Ridwan sebutkan, jasa logistik yang digunakan pemilik barang selama ini meliputi seluruh kegiatan yang dibutuhkan, mulai pengiriman hingga barang tiba ke gudang miliknya. Mulai port handling, delivery, ware housing hinggga ke document clearance. Menurutnya,
tender atau lelang pengadaan barang/jasa adalah bentuk transparansi dalam suatu proses. Instansi pemerintah, kementerian/lembaga/BUMN/BUMD kini sudah melaksanakan proses tender/lelang untuk tiap pengadaan barang/jasa yang dibutuhkan, termasuk bidang logsitik. Hal ini sesuai PP No:54/2010 tentang Pengadaan Barang/Jasa Pemerintah.
“Tetapi hal itu belum berlaku di sektor swasta, yang untuk pengadaan jasa logistik masih menggunakan metode tertutup berupa penunjukan langsung, Untuk kegiatan logistik yang berhubungan dengan ekspor maupun impor di pelabuhan Tanjung Priok Jakarta hingga kini didominasi perusahaan berkategori jalur prioritas.
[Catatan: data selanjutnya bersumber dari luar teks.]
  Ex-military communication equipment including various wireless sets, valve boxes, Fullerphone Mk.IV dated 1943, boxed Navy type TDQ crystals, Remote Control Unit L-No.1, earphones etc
Dari 100% kegiatan ekspor/impor Indonesia saat ini, 65%-70% nya berada di pelabuhan Tanjung Priok. Dari jumlah itu, lebih dari 70% dilakukan perusahaan yang mendapat jalur prioritas yang sebagian besar adalah perusahaan terbuka” ujar Ridwan yang pernah menjabat Sekjen BPP Gabungan Importir Nasional Seluruh Indonesia (GINSI).
Berdasar data, perusahaan yang mendapat fasilitas jalur prioritas dari Ditjen BC ada sekitar 100 perusahaan, hingga perusaahaan jalur prioritas tersebutl yang mendominasi kontribusi dalam perhitungan biaya logistik di Indonesia. Ridwan menyayangkan, dari sekian banyak perusahaan itu taklakukan tender/lelang terbuka yang transparan dalam mendapat sub kontraktor jasa logistik yang dibutuhkan. Di akhir penjelasan, Ridwan sebutkan berdasar kajian Imlow, pentingnya transparansi dalam kegiatan jasa logistik agar segala perhitungan jadi akuntable dan dapat dipertanggung jawabkan. Dengan transparansi segala sesuatunya menjadi terpercaya, dan hal ini penting terutama bagi perusahaan yang bersatus terbuka karena kepercayaan investor di bursa saham dapat terjaga.***ERICK A.M.